Unpacking Softmax: How Temperature Drives Representation Collapse, Compression, and Generalization
Wojciech Masarczyk, Mateusz Ostaszewski, Tin Sum Cheng, Tomasz Trzci\'nski, Aurelien Lucchi, Razvan Pascanu

TL;DR
This paper investigates how the softmax function's temperature parameter influences neural network representations, revealing a rank deficit bias and demonstrating how temperature tuning can improve compression and out-of-distribution generalization.
Contribution
It introduces the concept of rank deficit bias caused by softmax temperature and shows how to leverage temperature tuning for better representation compression and robustness.
Findings
Softmax temperature affects the rank of learned representations.
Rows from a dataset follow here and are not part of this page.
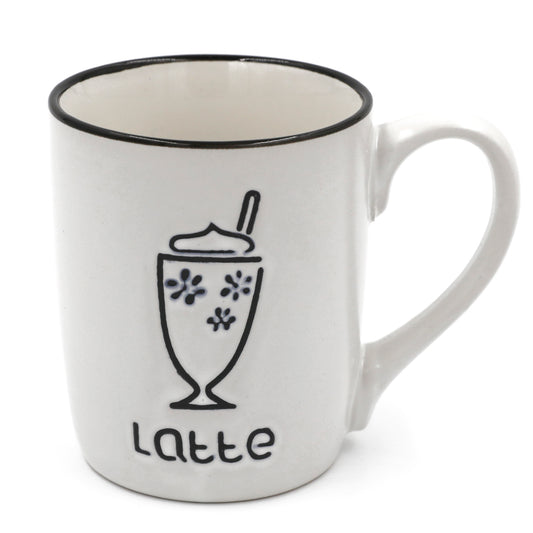 13 oz White Vintage Stoneware Coffee Mugs With Quotes,"Latte"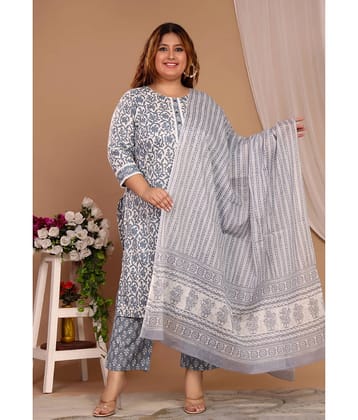 Avnii Cotton Printed Kurti With Pants Women's Stitched Salwar Suit - Grey ( Pack of 1 )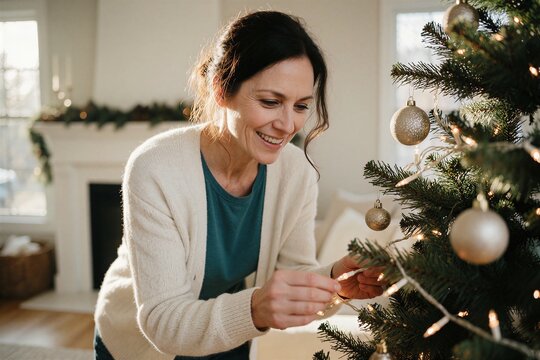 Woman decorating a Christmas tree at home with festive lights and ornaments in a cozy living room setting.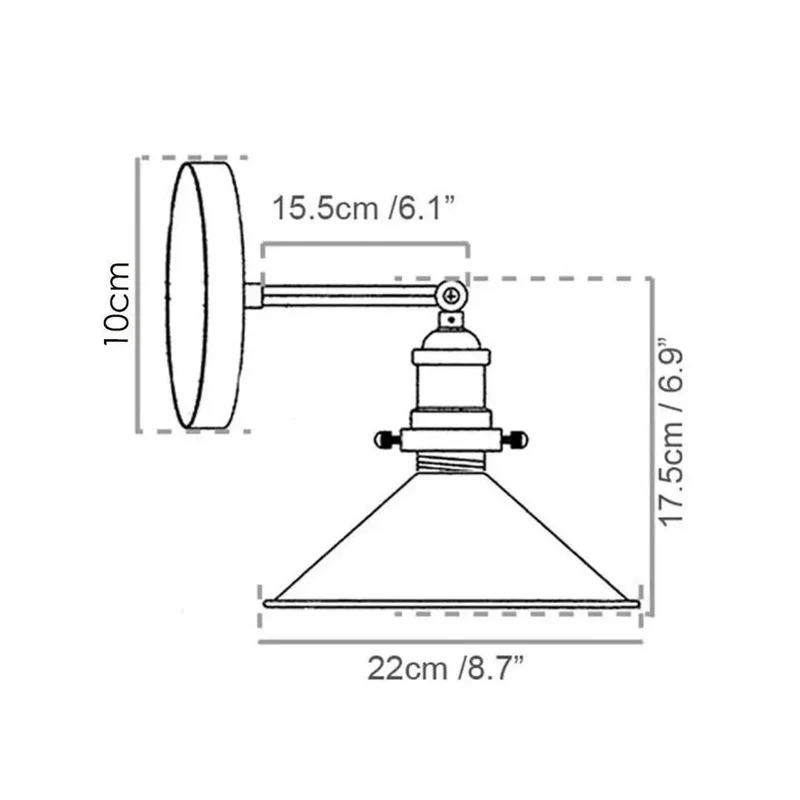 Industrie Verstellbare Wandleuchte | Retro Kegelform Wandlampe E27~3732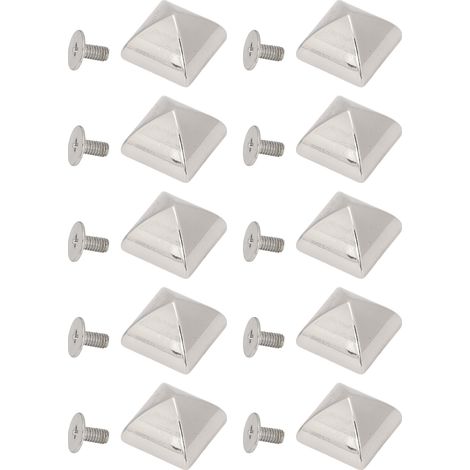 20 Sets Vierkant-Spitznieten aus Zinklegierung, Pyramidenform, Punk-Optik, Lederwaren- und Taschenreparatursets, 15 mm, Silber (1/5)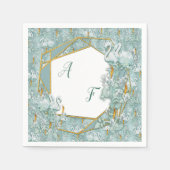 Grüne Seidendraht und Flamingos-Blume Serviette (Vorderseite)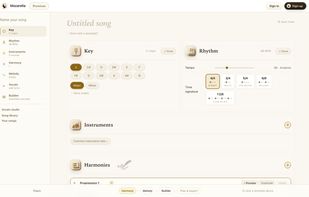 The composer: key, rhythm, instruments, and harmony blocks, with melody, vocals, and the builder as the next steps.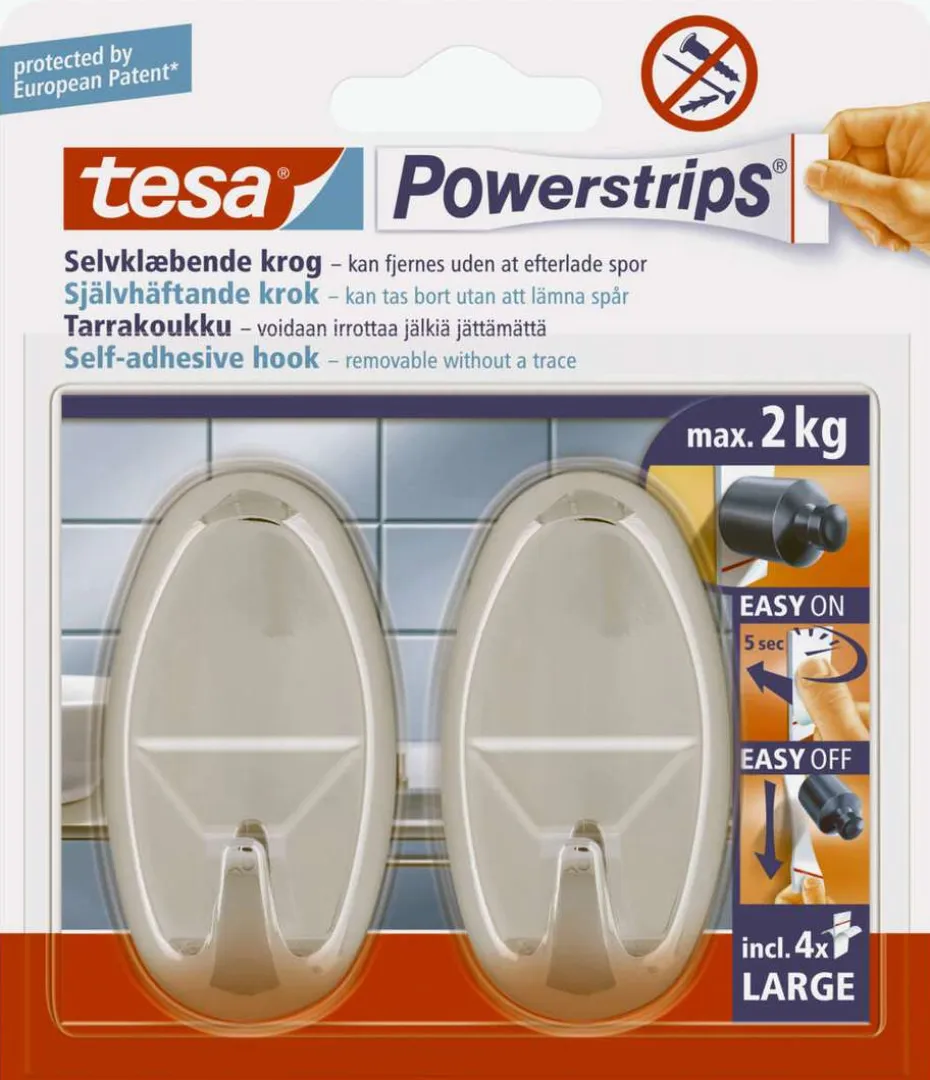 tesa® Powerstrips large oval sølv krok 2-pk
Adjusting temperature can improve out-of-distribution performance.
Softmax dynamics can be exploited for representation compression.
Abstract
The softmax function is a fundamental building block of deep neural networks, commonly used to define output distributions in classification tasks or attention weights in transformer architectures. Despite its widespread use and proven effectiveness, its influence on learning dynamics and learned representations remains poorly understood, limiting our ability to optimize model behavior. In this paper, we study the pivotal role of the softmax function in shaping the model's representation. We introduce the concept of rank deficit bias - a phenomenon in which softmax-based deep networks find solutions of rank much lower than the number of classes. This bias depends on the softmax function's logits norm, which is implicitly influenced by hyperparameters or directly modified by softmax temperature. Furthermore, we demonstrate how to exploit the softmax dynamics to learn compressed…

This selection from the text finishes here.